How could this substantial improvement to the well-studied Quicksort algorithm escape the eyes of researchers around the world for nearly 50 years?

For programs as heavily used as library sorting methods, it is advisable to back up experimental data with mathematically proven properties. The latter consider however only a *model* of reality, which may or may not reﬂect accurately enough the behavior of actual machines.

The answer to above question is in part a tale of the pitfalls of theoretical models, so we start with a summary of the mathematical analysis of Quicksort and the underlying model in Section 2. We then brieﬂy discuss the “memory wall” metaphor and its implications for Quicksort in Section 3, and ﬁnally propose an alternative model in Section 4 that offers an explanation for the superiority of Yaroslavskiy’s Quicksort.

The classical model for the analysis of sorting algorithm considers the average number of key comparisons on random permutations.
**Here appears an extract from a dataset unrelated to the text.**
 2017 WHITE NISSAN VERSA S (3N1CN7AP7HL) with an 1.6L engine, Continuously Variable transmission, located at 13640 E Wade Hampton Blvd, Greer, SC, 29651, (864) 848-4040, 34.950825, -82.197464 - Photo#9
Quicksort has been extensively studied under this model, including variations like choosing the pivot as median of a sample [7, 4, 15, 10, 3]: Let \(c_n\) denote the expected number of comparisons used by classic Quicksort (as given in [16]), when each pivot is chosen as median of a sample of \(2t+1\) random elements. \(c_n\) fulﬁlls the recurrence

$$ \begin{equation}
c_n = n - 1 + \sum_{\substack{0 \leq j_1, j_2 \leq n-1 \\ j_1 + j_2= n-1}} {\frac{\left(\begin{array}{ccc}j_1 \\ t\end{array}\right)\left(\begin{array}{ccc}j_2 \\ t\end{array}\right)}{\left(\begin{array}{ccc}n \\ 2t+1\end{array}\right)}\left( c_{j_1} + c_{j_2} \right)}
\tag{1} \end{equation} $$

since \(n − 1\) comparisons are needed in the ﬁrst partitioning step, and we have two recursive calls of random sizes, where the probability to have sizes \(j_1\) and \(j_2\) is given by the fraction of binomials (see [9] for details). This recurrence can be solved asymptotically [4, 15] to

$$ \begin{equation}
c_n \sim \frac{1}{H_{2(t+1)}-H_{t+1}} \cdot n \ln{n} ,
\end{equation} $$

where \( H_n = \sum_{i=1}^{n} {1/i} \) is the \(n\)th harmonic number and \(f(n) \sim g(n)\) means \(\lim_{n \rightarrow \infty } f(n)/g(n) = 1\). The mathematical details are beyond the scope of this abstract, but a rather elementary derivation is possible [10]. Large values of \(t\) are impractical; a good compromise in practice is given by the “ninther”, the median of three medians, each chosen from three elements [2]. This scheme can be analyzed similarly to the above [3].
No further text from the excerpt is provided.